Just as I had written these last words, a charming book reached me, A Poet’s Harvest Home, by William Bell Scott, — one of Emerson’s friends, — in which is the following : —

HERO-WORSHIP.

How would the centuries, long asunder,
Look on their sires with angry wonder,
Could some strong necromantic power
Revive them for one spectral hour!
Bondsmen of the past are we, —
Predestined bondsmen: could we see
The dead, now deified, again
Peering among environing men,
We might be free!

But I have rambled far from my scientific friends. The last I saw of them was when we all gathered at Hastings for our final dinner together, and thereafter made speeches of mutual felicitation on the good weather and the general success of our excursion. The rambles now ended, the scientists gave signs of hilarity such as might have justified Cumberland Joe’s word, “jolly jists.” We closed the day with a generous old-fashioned English dinner, enjoying which an invited guest, though not a scientific enthusiast, remarked, “ If this is geology, I like it! ” Our worthy host of Green’s Inn, who had done his very best for the large company, caught this remark, and it relieved him ; for he was mystified, and his face had grown a little red, as he had heard round the table such words as “ false beddings,” “ faults,” “ denudations,” and “ pudding stones.” The beds of his inn were faultless ; and the pudding contained no stones, but honest steak and kidneys.

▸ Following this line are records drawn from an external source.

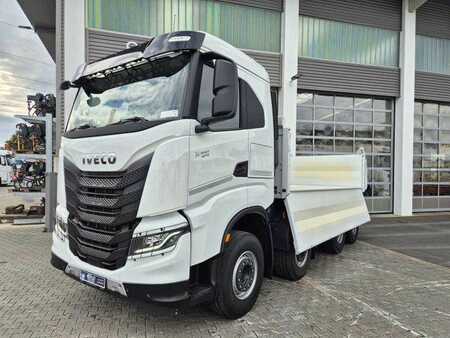 Iveco X-Way AS360X57Z HR ON+ 8x4 MeillerBordmatik Bett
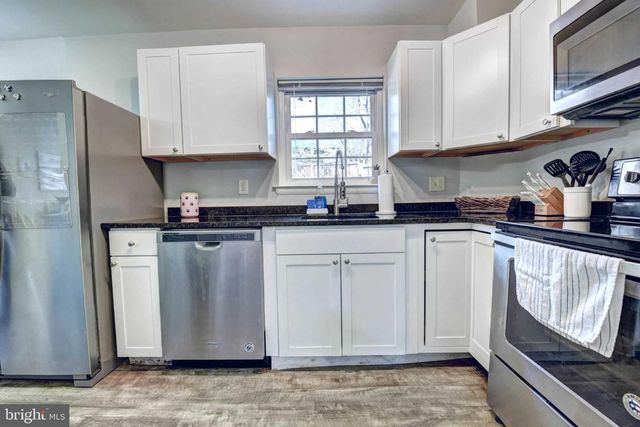 2226 GUNSMITH SQ, Reston, VA 20191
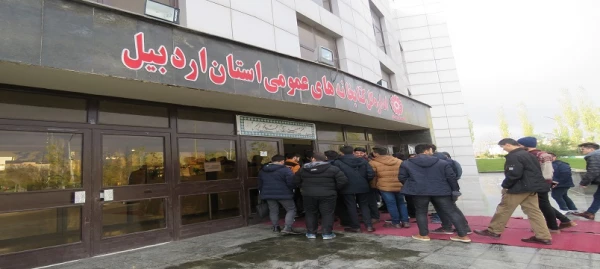 بازدید از کتابخانه مرکزی اردبیل به مناسبت هفته کتاب و کتابخوانی 4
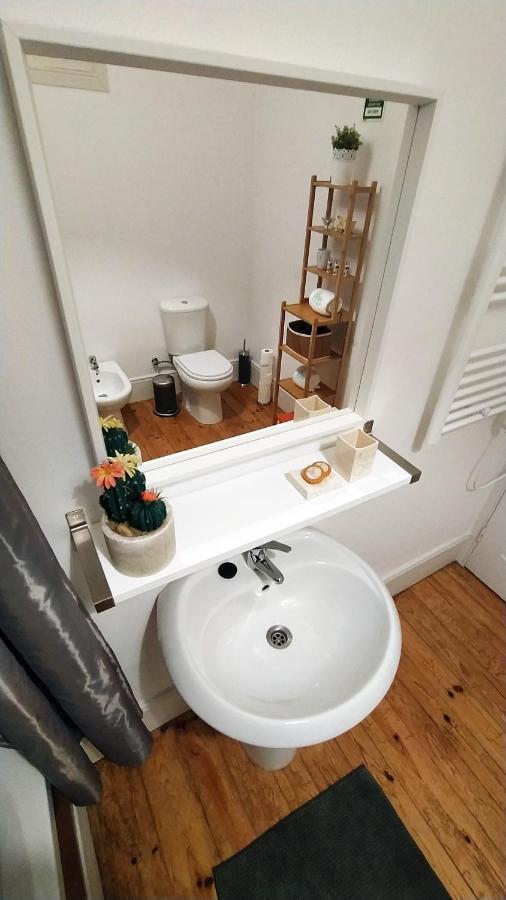 Espinho Guesthouse - Garden House ภายนอก รูปภาพ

In the end the last trace of anxiety was cleared from his brow by fit compliments. In the evening, billiard tables were in requisition ; theatres were filled with unaccustomed faces ; and the splendid baths of Hastings were occupied by expert swimmers. Bright and early next morning we were all on the way to London. But could it be on the same railway as that by which we came? The return ticket said so, and the stations bore the same names ; yet to the eyes of one among the ramblers the landscape appeared to have suffered a seachange into something rich and strange : glaciers moved along the valleys, surf was sawing at the hill-tops, and over the bright mansions and spires of Tunbridge Wells had spread a vast translucent lake!

M. D. Conway.

  1. Now Lord Houghton.
  2. The Dacres of Hurstmonceaux were ancestors of the Hares. The comedy of Drummer, or Haunted House, is also founded on a tradition connected with this castle.